Notebook

If you are not using GitHub click here to open the notebook using nbviewer.

This notebook replicates part of the E-vident analysis platform, allowing you to explor a series of different distance metrics, and rarefaction levels by leveraging the Jupyter interface available in Emperor.

Before you execute this example, you need to make sure you install a few additional dependencies:

pip install scikit-learn ipywidgets h5py biom-format

Once you've done this, you will need to enable the ipywidgets interface, to do so, you will need to run:

jupyter nbextension enable --py widgetsnbextension

In [1]:

%matplotlib inline
from __future__ import division

# biocore
from emperor.qiime_backports.parse import parse_mapping_file
from emperor.qiime_backports.format import format_mapping_file
from emperor import Emperor, nbinstall

nbinstall()

from skbio.stats.ordination import pcoa
from skbio.diversity import beta_diversity
from skbio import TreeNode
from skbio.io.util import open_file

from biom import load_table
from biom.util import biom_open

import qiime_default_reference

# pydata/scipy
import pandas as pd
import numpy as np

from scipy.spatial.distance import braycurtis, canberra
from ipywidgets import interact
from sklearn.metrics import pairwise_distances
from functools import partial

import warnings

warnings.filterwarnings(action='ignore', category=Warning)

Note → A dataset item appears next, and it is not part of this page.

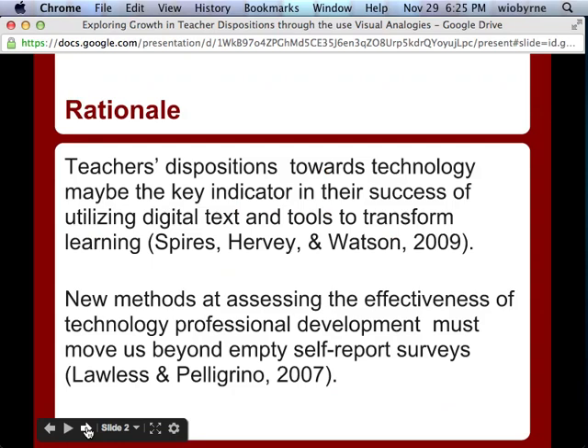We truly believe that teacher dispositions are a key indicator of their success in being able to use technology. Lawless and Pilgrim did a great review in RER on technology and professional development. One of the key findings was we've got to get away from self-reported surveys because people don't say they get dumber — they want to say that they got smarter.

# -1 means all the processors available
pw_dists = partial(pairwise_distances, n_jobs=-1)

def load_mf(fn):
    with open_file(fn) as f:
        mapping_data, header, _ = parse_mapping_file(f)
        _mapping_file = pd.DataFrame(mapping_data, columns=header)
        _mapping_file.set_index('SampleID', inplace=True)
    return _mapping_file

def write_mf(f, _df):
    with open(f, 'w') as fp:
        lines = format_mapping_file(['SampleID'] + _df.columns.tolist(),
                                    list(_df.itertuples()))
        fp.write(lines+'\n')

We are going to load data from Fierer et al. 2010 (the data was retrieved from study 232 in Qiita, remember you need to be logged in to access the study).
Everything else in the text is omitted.